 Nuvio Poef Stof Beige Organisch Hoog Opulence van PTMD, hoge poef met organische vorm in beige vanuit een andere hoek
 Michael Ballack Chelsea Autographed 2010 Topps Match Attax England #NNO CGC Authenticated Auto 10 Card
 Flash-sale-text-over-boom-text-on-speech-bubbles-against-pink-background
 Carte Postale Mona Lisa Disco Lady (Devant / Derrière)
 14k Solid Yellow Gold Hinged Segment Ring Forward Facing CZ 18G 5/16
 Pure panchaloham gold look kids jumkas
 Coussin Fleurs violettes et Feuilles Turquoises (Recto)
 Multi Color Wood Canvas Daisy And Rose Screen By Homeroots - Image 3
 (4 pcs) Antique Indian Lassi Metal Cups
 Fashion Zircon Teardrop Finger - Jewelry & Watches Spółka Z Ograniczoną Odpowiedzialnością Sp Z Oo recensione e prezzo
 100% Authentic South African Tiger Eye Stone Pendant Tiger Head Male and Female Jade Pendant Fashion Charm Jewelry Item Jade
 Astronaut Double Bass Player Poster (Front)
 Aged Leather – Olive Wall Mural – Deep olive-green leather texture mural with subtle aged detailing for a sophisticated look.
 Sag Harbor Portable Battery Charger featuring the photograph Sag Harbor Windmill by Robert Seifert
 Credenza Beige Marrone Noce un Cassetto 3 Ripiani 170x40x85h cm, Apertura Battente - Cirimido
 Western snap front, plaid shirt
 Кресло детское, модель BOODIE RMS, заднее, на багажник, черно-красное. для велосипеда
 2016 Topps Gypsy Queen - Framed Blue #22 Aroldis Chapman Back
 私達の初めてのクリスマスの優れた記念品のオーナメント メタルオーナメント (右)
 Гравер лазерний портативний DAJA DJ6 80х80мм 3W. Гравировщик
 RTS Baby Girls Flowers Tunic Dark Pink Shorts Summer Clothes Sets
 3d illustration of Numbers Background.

▬▬▬▬▬▬▬▬▬▬

The response must hold only the lines above from the line with "Aged Leather –" through the line with "Western snap front, plaid shirt", each copied exactly, both ends kept.

**Output of the task**.
 Aged Leather – Olive Wall Mural – Deep olive-green leather texture mural with subtle aged detailing for a sophisticated look.
 Sag Harbor Portable Battery Charger featuring the photograph Sag Harbor Windmill by Robert Seifert
 Credenza Beige Marrone Noce un Cassetto 3 Ripiani 170x40x85h cm, Apertura Battente - Cirimido
 Western snap front, plaid shirt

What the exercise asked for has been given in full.